29. At approximately 3:55:14, N5138E was observed on radar to be making a 180° turn to the left, contrary to the instruction given previously to turn 10° to the right (from 290° to 300°). Except for an unintelligible or aborted attempt at communication at 3:55:19, the Cessna was never heard from again. There was no reply to the repeated attempts of Approach Control to contact the flight. Subsequently, its wreckage, together with the bodies of Kullberg, Rowe, and Smith was found strewn about a hillside near Monroeville, Pennsylvania, approximately 22 miles east of GPA and 2 miles east of the position where it was last observed on radar.

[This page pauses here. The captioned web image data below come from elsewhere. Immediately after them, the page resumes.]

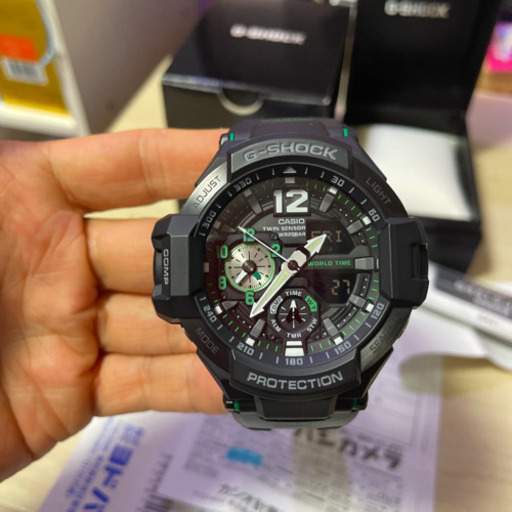 カシオ G-SHOCK GA-1100-1A3JF 20気圧防水 ブラック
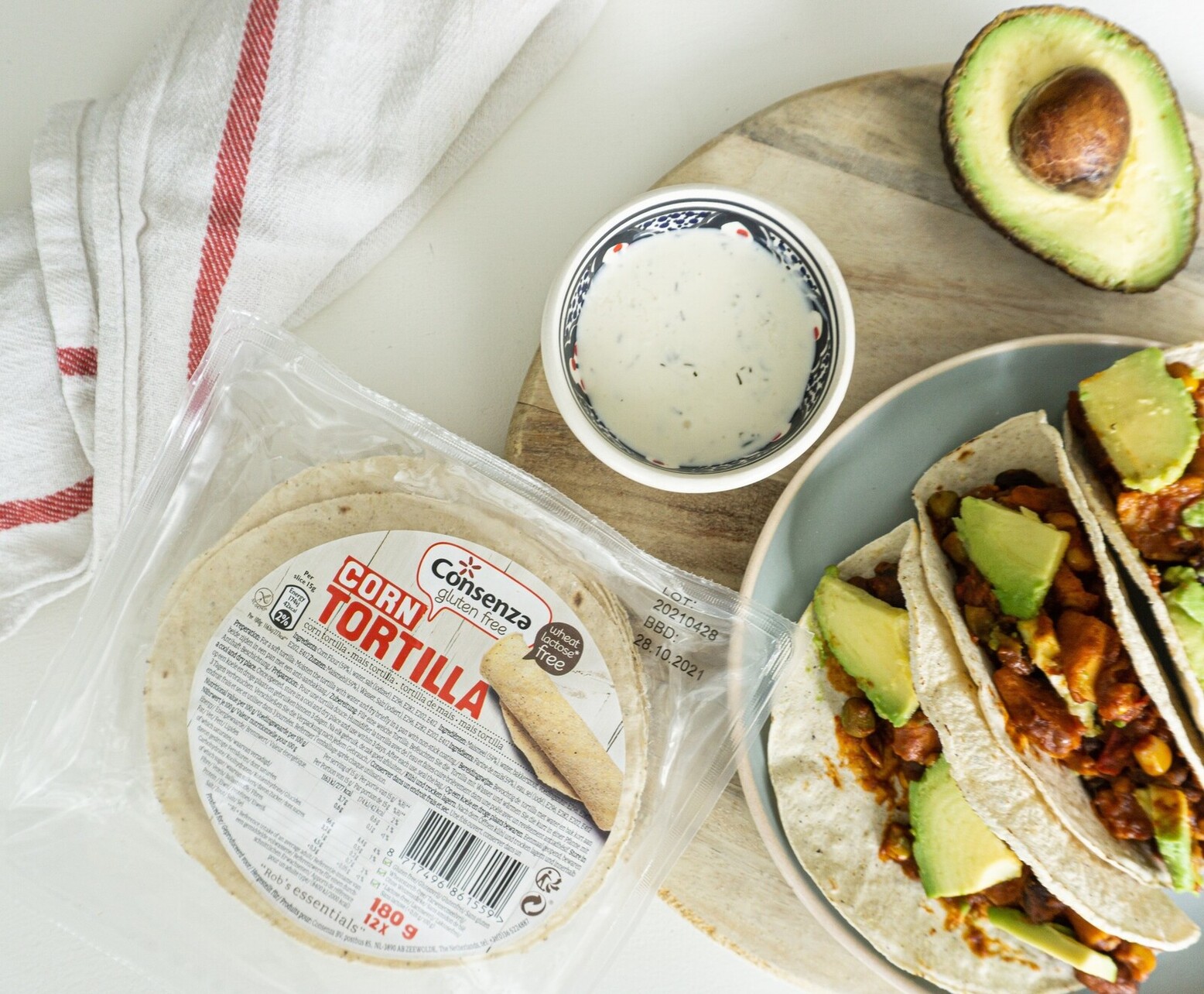 Consenza Mais Tortilla's (12 stuks)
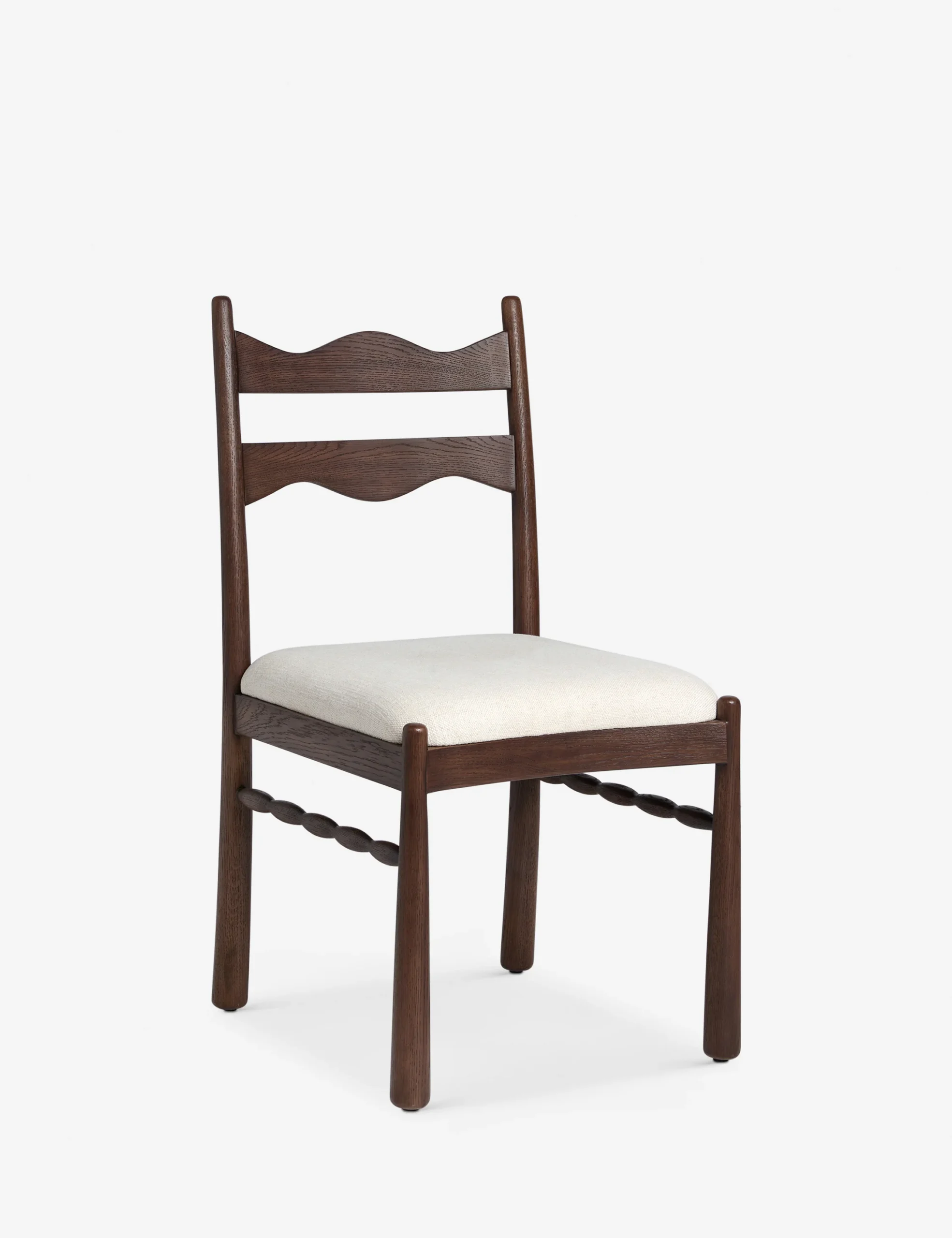 Rova dining set in teak wood with black finish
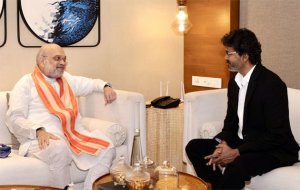 அமித் ஷா தலைமையில் தென் மாநில முதல்வர்கள் மாநாடு தொடங்கியது: முதல்வர் விஜய் பங்கேற்பு!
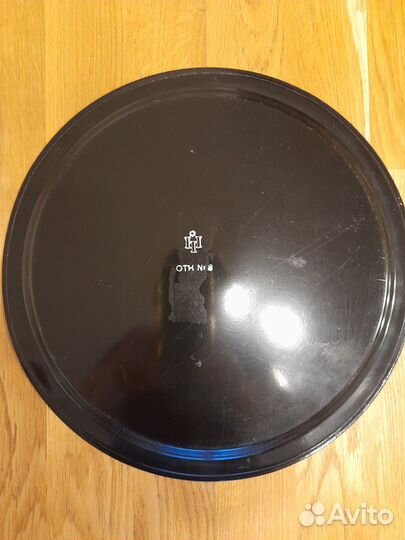 Поднос круглый с ручной росписью 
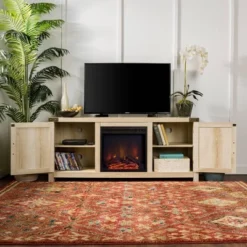 Clarabelle Double Door Farmhouse Electric Fireplace TV Stand For TVs Up To 65" - Saracina Home 13 Clarabelle Double Door Farmhouse Electric Fireplace TV Stand For TVs Up To 65" - Saracina Home -Saracina Home Sales Store GUEST 9ad5d25c 9837 4e55 b4f9 c6207d38f03b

30. The rate of descent of the Cessna from 12,600 feet to 11,000 feet in 2 minutes was 800 feet per minute.
31. At the same rate of descent, by 3:55:19 the Cessna would have descended into the solid overcast to an altitude of approximately 7,800 feet (700 feet into the overcast).
32. As of 3:55:19, when obviously in trouble, the Cessna was in the overcast for not more than a minute. This was an insufficient period for it to accumulate a disabling ice formation.
33. In any event, there is no evidence of icing conditions at or above 5,000 feet at that time and place.
34. Icing usually occurs only in clouds (T., pp. 203-204). Although the Capital pilot, in the investigational aftermath of the Cessna's crash, reported that his aircraft had accumulated ice in its quick descent from 5,000 to 3,000 feet, there is no evidence of any ice forming on the Cessna at any time. The Cessna was in difficulty before reaching 5,000 feet.
35. During its descent, the Cessna never complained of icing; the Cessna never complained of turbulence; the Cessna never declared an emergency or gave any indication of difficulty.
36. Such F.A.A. rules, regulations, recommendations, or information as applied to the Cessna and Approach Control on the night of January 7th and early morning of January 8, 1961, were set forth in Title 14, Code of Federal Regulations (revised as of January 1, 1961), in the Air Traffic Control Procedures Manual (Government Ex. G), United States Standard Manual of Radar Air Traffic Control Procedures (Government Ex. H), and Flight Information Manual (Government Ex. I). There was no F.A.A. rule or regulation which required an approach controller to question a pilot's qualifications, advise a pilot of the possibility of encountering forecast icing conditions, or to inquire if he had deicing equipment.
37. Icing conditions cannot be seen on a radar scope; nor can turbulence or light snow showers. Only heavy precipitation can be seen on a radar scope.
38. The Cessna was required to obtain weather information at its point of departure and could also have obtained it along the route by contacting F.A.A. flight service stations, or by tuning in to the scheduled radio broadcasts of weather information made by such stations.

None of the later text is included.